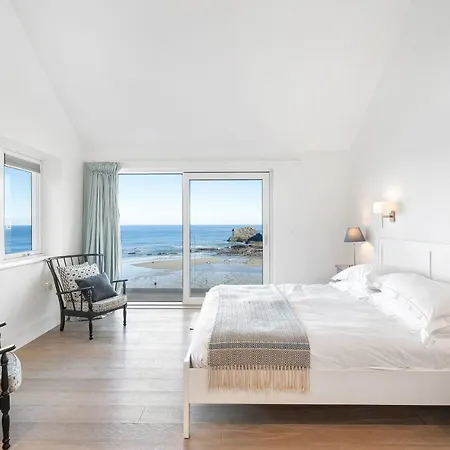 Shore Edge Holiday home *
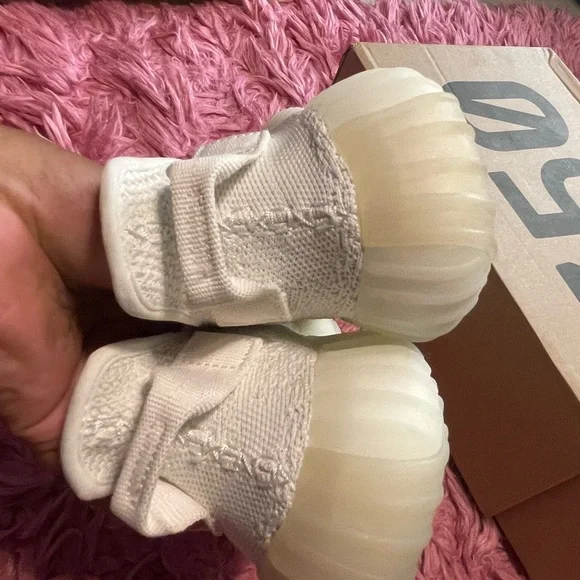 Brand new never been worn before Yeezy 350 v2 - Picture 6 of 12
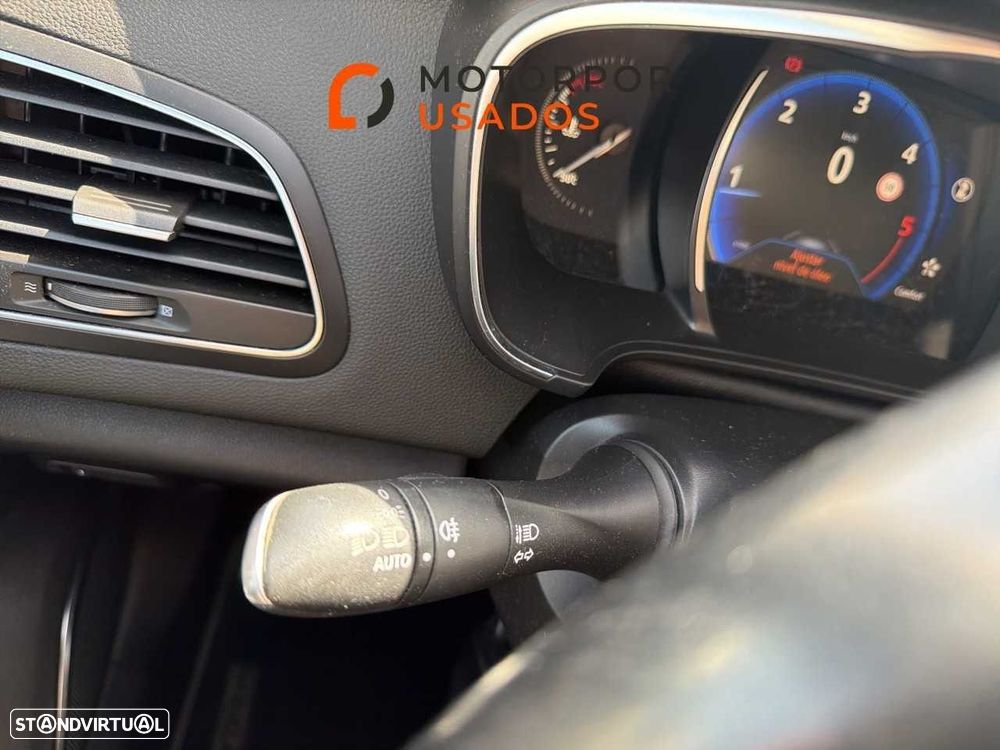 Renault Mégane Sport Tourer 1.6 dCi GT Line - 18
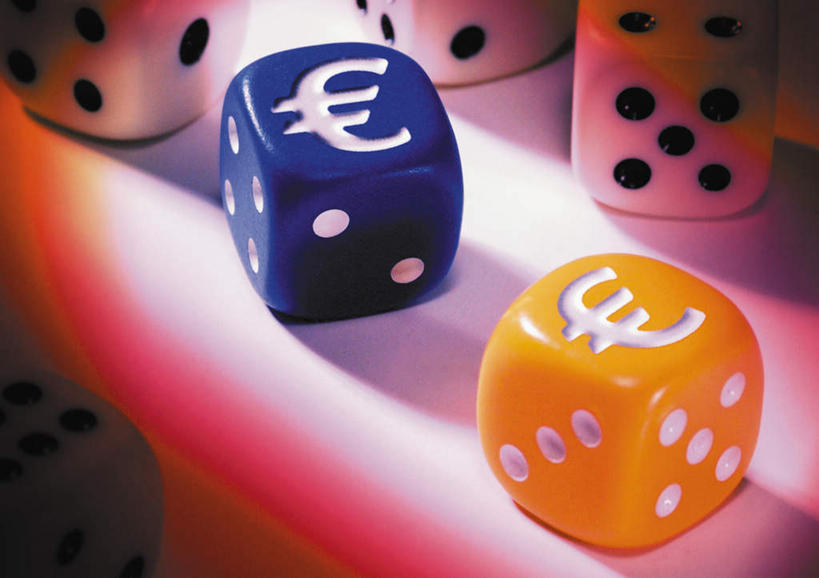 无人,横图,俯视,室内,特写,白天,游戏,赌博,贪欲,竞争,桌面,桌子,静物,玩具,许多,阴影,朦胧,模糊,反射,标志,符号,骰子,文字,影子,字符,字母,欧元,娱乐,标识,刺激,蓝色,白色,橙色,消遣,赌具,色子,投机,侥幸,欲望,投子,玩耍,彩图,高角度拍摄,胜负,输赢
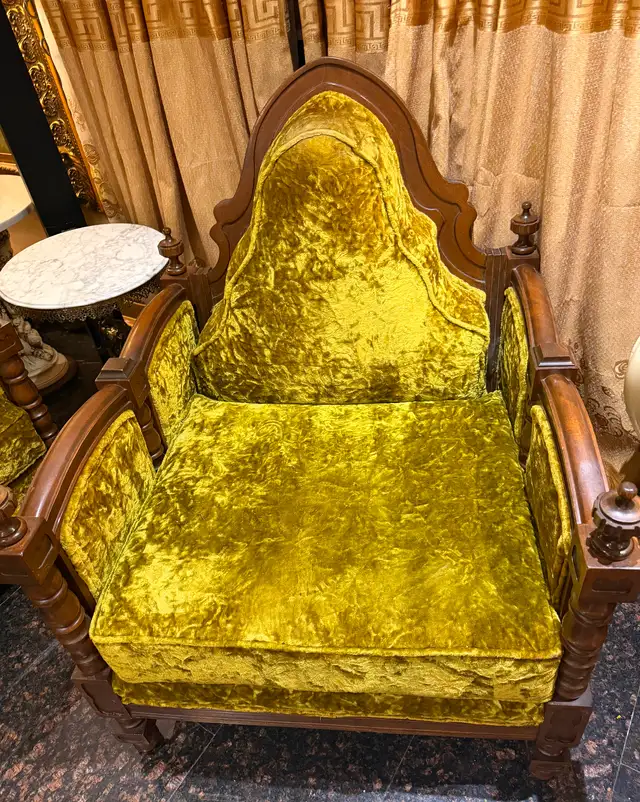 Great condition quality  sofa and armchair solid real wood in Couches & Futons in Markham / York Region - Image 4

☆ ☆ ☆

Leaving out the pictures, return exactly the lines from the one that contains "Brand new never" through the last line of the records above, inclusive.

 Brand new never been worn before Yeezy 350 v2 - Picture 6 of 12
 Renault Mégane Sport Tourer 1.6 dCi GT Line - 18
 无人,横图,俯视,室内,特写,白天,游戏,赌博,贪欲,竞争,桌面,桌子,静物,玩具,许多,阴影,朦胧,模糊,反射,标志,符号,骰子,文字,影子,字符,字母,欧元,娱乐,标识,刺激,蓝色,白色,橙色,消遣,赌具,色子,投机,侥幸,欲望,投子,玩耍,彩图,高角度拍摄,胜负,输赢
 Great condition quality  sofa and armchair solid real wood in Couches & Futons in Markham / York Region - Image 4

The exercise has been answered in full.